Exercise directions>
Look below for the line with "cowboy Western hoed" and the line with "Whitney Simmons X". Copy exactly those two lines and every line between, but not the pictures.

Data extract>
*** Block opens ***

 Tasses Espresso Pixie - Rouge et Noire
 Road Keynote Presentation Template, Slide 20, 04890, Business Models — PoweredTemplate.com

*** Block closes ***
*** Block opens ***

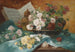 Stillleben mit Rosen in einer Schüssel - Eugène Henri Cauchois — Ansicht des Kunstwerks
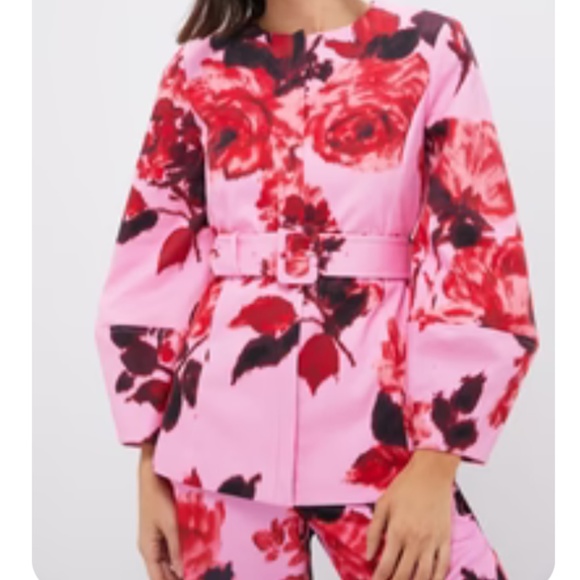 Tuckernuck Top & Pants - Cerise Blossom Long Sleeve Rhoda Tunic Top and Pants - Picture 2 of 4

*** Block closes ***
*** Block opens ***

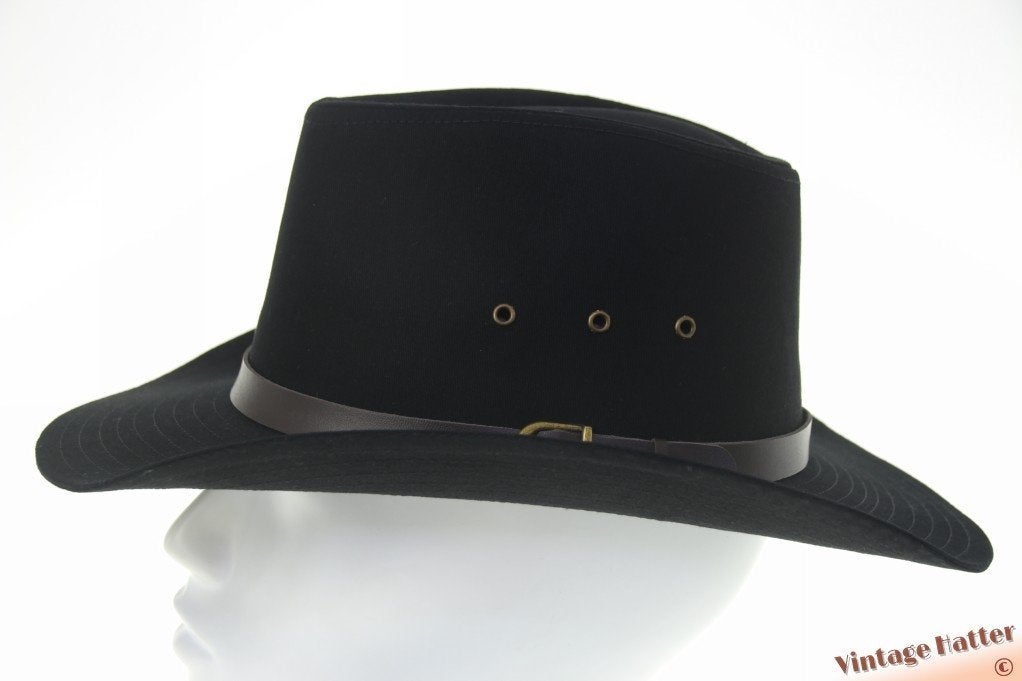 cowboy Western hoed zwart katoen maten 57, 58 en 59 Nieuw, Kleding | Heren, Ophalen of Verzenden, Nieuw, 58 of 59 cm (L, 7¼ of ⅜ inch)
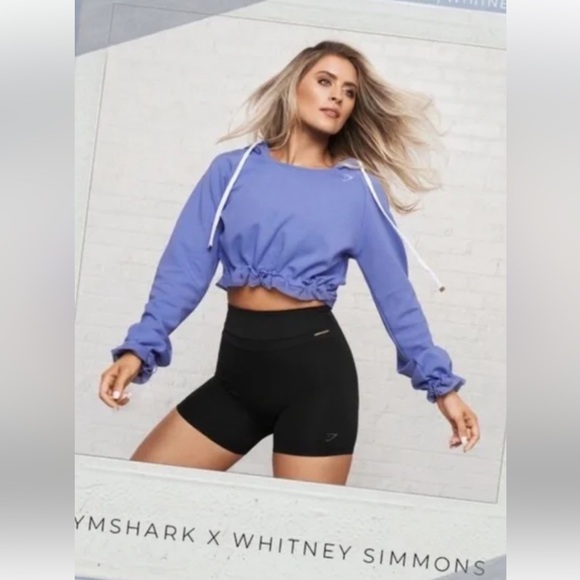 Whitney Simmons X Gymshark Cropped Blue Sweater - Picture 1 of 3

*** Block closes ***

Completed task>
 cowboy Western hoed zwart katoen maten 57, 58 en 59 Nieuw, Kleding | Heren, Ophalen of Verzenden, Nieuw, 58 of 59 cm (L, 7¼ of ⅜ inch)
 Whitney Simmons X Gymshark Cropped Blue Sweater - Picture 1 of 3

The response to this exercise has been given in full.